#### [WHAT IS REQUIRED]
The listing below should be printed exactly, every line of it. Skip the pictures.

#### [STORED DATA]
------------------------------
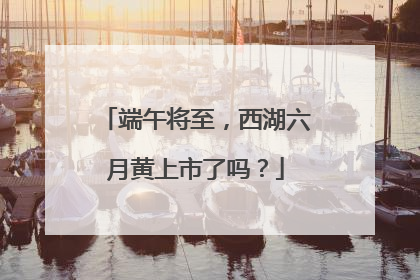 端午将至，西湖六月黄上市了吗？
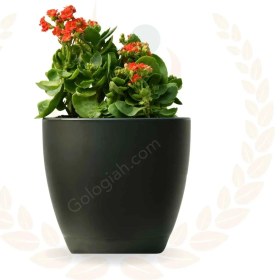 تصویر گیاه کالانکوا 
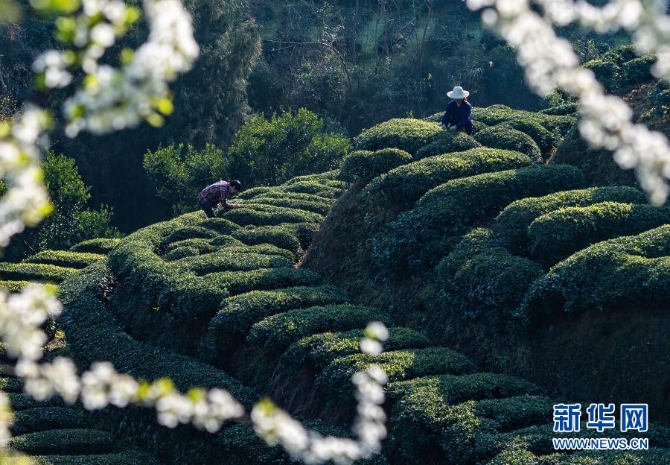 1127125292_16139835785111n 1127125292_16139835785111n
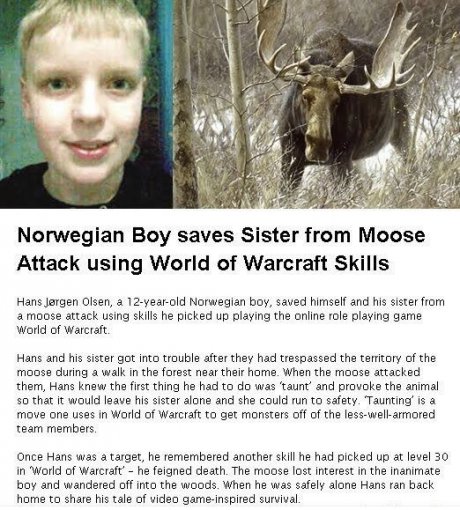 Moose attack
------------------------------
#### [OUTPUT FOR THIS EXERCISE]
 端午将至，西湖六月黄上市了吗？
 تصویر گیاه کالانکوا 
 1127125292_16139835785111n 1127125292_16139835785111n
 Moose attack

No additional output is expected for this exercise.